Reinhold Schuster (1866-1945) - Hermann Schuster (1893-1974)
Glasermeister Emil Selter














Seit 1913 gab Reinhold Schuster Kinovorstellungen. Anfangs, als es in Lüben noch keinen elektrischen Strom aus der Steckdose gab, lieferte eine Dampfmaschine die notwendige Energie. Ein Pianist und ein Rezitator begleiteten die Stummfilme mit Melodien und Erklärungen. 1936 übergab der siebzigjährige Reinhold Schuster das Unternehmen seinem Sohn Hermann, der es modernisierte und umbaute. Ab 1936 fanden außer den Vorstellungen im DELI neben dem Gasthof Deutscher Kaiser auch Vorführungen im Capitol, dem Saal des Schießhauses Lüben, statt.

Deutschlands erstes Kino stand in Lüben

Wenn es stimmt, daß überall in der Welt das große "Kinosterben" umgeht und die Lichtspieltheater am laufenden Band ihre Pforten schließen, dann war der "flimmernden Leinwand" kein langes Leben beschieden. Es ist nämlich gerade 70 Jahre her, daß der Vorläufer des späteren "Kintopps" in Deutschland die ersten Gehversuche machte. Seine Wiege stand in der niederschlesischen Stadt Lüben unweit von Liegnitz.

Es mag unwahrscheinlich klingen, aber es stimmt, daß der erste Herr "Lichtspielhausbesitzer" des einstigen Deutschen Reiches seine Filmutensilien auf einen Planwagen packte, zwei Pferdchen davor spannte und damit über Land fuhr. Reinhold Schuster (1866-1945), ehemaliger Kinobesitzer in Lüben und anerkannter "Pionier der deutschen Kinos", hatte uns die Geschichte seines Werdeganges noch selbst erzählt.

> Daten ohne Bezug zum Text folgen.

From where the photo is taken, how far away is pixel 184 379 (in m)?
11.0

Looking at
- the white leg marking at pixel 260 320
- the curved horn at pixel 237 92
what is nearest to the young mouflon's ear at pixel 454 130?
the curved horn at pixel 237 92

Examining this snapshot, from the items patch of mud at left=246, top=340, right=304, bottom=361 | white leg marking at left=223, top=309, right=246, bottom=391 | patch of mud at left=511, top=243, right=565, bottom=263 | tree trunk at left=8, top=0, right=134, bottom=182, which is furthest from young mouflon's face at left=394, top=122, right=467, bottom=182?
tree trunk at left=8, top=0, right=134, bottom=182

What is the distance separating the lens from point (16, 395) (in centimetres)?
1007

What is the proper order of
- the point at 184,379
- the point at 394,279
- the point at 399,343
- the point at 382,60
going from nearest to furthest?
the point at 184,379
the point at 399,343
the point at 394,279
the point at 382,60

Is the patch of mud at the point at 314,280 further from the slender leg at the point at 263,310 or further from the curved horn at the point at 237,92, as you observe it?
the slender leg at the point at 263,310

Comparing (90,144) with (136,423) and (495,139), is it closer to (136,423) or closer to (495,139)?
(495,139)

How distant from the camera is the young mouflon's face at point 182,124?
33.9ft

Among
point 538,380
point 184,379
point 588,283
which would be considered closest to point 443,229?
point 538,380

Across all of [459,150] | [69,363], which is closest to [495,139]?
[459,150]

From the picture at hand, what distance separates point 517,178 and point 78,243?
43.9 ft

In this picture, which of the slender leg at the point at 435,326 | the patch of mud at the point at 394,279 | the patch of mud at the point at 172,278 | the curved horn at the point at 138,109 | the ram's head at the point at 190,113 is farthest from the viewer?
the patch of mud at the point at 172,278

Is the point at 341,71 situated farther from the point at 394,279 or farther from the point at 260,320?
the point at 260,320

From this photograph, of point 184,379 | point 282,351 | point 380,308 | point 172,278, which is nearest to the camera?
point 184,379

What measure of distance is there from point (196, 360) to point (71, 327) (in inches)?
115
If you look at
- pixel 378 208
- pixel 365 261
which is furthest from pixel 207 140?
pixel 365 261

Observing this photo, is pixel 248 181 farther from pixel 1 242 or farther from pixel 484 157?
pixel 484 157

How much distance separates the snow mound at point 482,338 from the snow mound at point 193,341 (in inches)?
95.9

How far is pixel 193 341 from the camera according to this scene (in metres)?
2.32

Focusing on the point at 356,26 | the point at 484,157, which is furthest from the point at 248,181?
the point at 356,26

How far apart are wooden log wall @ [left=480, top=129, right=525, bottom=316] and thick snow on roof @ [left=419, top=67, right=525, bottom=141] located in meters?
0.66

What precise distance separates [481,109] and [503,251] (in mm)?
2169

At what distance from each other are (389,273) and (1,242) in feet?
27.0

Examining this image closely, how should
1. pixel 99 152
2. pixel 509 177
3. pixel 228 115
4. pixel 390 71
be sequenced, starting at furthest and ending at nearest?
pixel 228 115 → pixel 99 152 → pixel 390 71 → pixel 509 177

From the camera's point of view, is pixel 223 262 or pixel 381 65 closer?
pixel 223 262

Er konnte für sich in Anspruch nehmen, im deutschen Kinowesen wirklich "von der Pike auf" gedient zu haben, vom "Cinematographen bis zum Lichtspieltheater". Sein erster Film lief unter dem "reißerischen" Titel: "Ankunft eines Eisenbahnzuges", Spieldauer: 3 Minuten! Sein längster (das zweiteilige "Indische Grabmal") dauerte viereinhalb Stunden. Dazwischen lag die ungeheure Entwicklung, die wir mit der lapidaren Bezeichnung "Kino-Zeitalter" abzutun pflegen.

Hermann Schuster (1893-1974), Sohn von Reinhold Schuster, führte das Werk seines Vaters fort

Hermann Schuster (1893-1974). Von seinem
Vater Reinhold Schuster fehlt bisher ein Foto.

Der Lübener Reinhold Schuster, der von der Lichtbildnerei soviel Ahnung hatte wie ein Straßenfeger von der Sternenkunde, lockte seine ersten "Kinogäste" mit großsprecherischen, grellen Plakaten, einem Sprachrohr aus Pappe und dem gehörigen Stimmenaufwand an die Kasse. Auf Jahrmärkten und Rummelplätzen! Dort baute er ein Zelt auf, holte Filme und Apparatur aus der Kiste vom Planwagen und - los ging's. Elektrischer Strom? Wo gab's in jenen Zeiten auf den Jahrmärkten Elektrizität? Karbid-Lampen taten's auch - manchmal. Oft nicht.

Reinhold Schusters Jahrmarkt-Filme waren gegenüber unseren heutigen 2600-Meter-Spielfilmen natürlich "Waisenknaben". 20-Meter-Filme waren schon Ausnahmen. Meistens waren sie kürzer. Die "gängige" Länge lag zwischen 10 und 15 Metern. Neben der Ankündigung "Ankunft eines Eisenbahnzuges" lockten Titel wie "Auf einem Bauernhof, "Blutgierige Löwen in Freiheit" (im Zoo photographiert) und "Leben im Hafen".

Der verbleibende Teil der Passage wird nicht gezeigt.